Update: Spain's bond auction passes mustard:
The Treasury sold 638 million euros of a 2-year bond, 825 million euros of a four-year bond and 611 million euros of a benchmark 10-year bond.
The bid-to-cover ratios were higher than at recent auctions, with the 2012, 2014 and 2022 bonds covered 4.3, 2.6 and 3.3 times respectively.
The yields were higher than at recent sales. The 2014 bond was issued at a yield of 4.335 percent, the 2016 bond at 5.353 percent and the 2022 bond at 6.044 percent, a lower price than the 6.14 percent the same maturity bond trades at in the secondary market. ($1 = 0.8001 euros)
Update: Merkel proclaims Europe is ready to bail out Spain:
Chancellor Angela Merkel said Europe was ready to act to ensure stability in the euro zone as Spain's credit rating was cut by three notches on Thursday amid expectations it may soon seek EU help for banks beset by bad debts.
Spanish Prime Minister Mariano Rajoy said he would wait for the results of independent audits of the banking system before talking with Europe about how to recapitalise troubled lenders.
An International Monetary Fund report due out next Monday is expected to show Spanish banks need at least 40 billion euros ($50 billion), financial sector sources said.
Update: Fitch downgraded Spain from A to BBB.
Without waiting for a widely expected EU rescue, credit ratings agency Fitch cut Spain's sovereign rating to BBB from A with a negative outlook, saying Madrid was especially vulnerable to a worsening of the euro zone debt crisis.
Fitch estimated Spanish lenders need 50 to 60 billion euros in capital under their updated base case. However, the total fiscal cost to underpin the banks could rise as high as 100 billion euros or 9 percent of gross domestic product in a more extreme scenario similar to Ireland's bank meltdown, it said.

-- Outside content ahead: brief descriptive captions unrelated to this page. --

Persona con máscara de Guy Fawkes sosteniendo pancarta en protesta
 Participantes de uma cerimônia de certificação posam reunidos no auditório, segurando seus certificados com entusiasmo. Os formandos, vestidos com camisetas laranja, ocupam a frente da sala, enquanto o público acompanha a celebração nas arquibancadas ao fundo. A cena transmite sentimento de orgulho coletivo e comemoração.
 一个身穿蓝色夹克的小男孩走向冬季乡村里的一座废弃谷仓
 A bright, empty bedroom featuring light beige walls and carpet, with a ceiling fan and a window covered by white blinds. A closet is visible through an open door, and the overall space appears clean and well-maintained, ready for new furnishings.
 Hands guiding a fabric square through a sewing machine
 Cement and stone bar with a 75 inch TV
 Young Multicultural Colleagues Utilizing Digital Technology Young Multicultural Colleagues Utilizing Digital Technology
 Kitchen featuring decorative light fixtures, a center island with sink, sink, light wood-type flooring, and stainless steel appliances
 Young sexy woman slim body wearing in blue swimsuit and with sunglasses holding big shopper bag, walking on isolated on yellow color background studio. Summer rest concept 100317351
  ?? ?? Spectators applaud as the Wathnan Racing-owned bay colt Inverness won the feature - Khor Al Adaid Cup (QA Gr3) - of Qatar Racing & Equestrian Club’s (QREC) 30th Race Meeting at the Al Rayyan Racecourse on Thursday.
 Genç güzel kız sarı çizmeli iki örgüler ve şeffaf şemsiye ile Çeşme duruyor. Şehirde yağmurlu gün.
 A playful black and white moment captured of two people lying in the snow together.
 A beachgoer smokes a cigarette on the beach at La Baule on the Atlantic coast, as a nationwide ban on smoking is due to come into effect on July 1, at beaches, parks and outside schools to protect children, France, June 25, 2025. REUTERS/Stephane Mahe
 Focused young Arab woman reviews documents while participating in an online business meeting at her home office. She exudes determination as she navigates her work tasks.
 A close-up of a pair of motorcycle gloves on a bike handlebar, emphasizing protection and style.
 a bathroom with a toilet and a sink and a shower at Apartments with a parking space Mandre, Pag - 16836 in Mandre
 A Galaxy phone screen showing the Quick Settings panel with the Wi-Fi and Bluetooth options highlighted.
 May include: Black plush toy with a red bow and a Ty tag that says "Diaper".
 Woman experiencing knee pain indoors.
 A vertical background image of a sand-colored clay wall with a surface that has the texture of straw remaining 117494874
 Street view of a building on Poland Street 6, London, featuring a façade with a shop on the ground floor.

The implications for Spain means the hatchets of austerity are hovering over their necks as conditions of a bail out. This will push Spain's economy further into depression, as it has Greece, Ireland and Portugal. Spain would be the largest economy to be forced into austerity and is the 4th largest in the Eurozone.
Spain might be able to use the threat of contagion, for they are the 4th largest Eurozone economy, to get out of those bail out strings attached; the draconian cuts and punishments conditions demanded in to obtain bail out funds.
Update: Spain has succumbed and will be officially requesting a bail out this weekend. It's official and then there were four.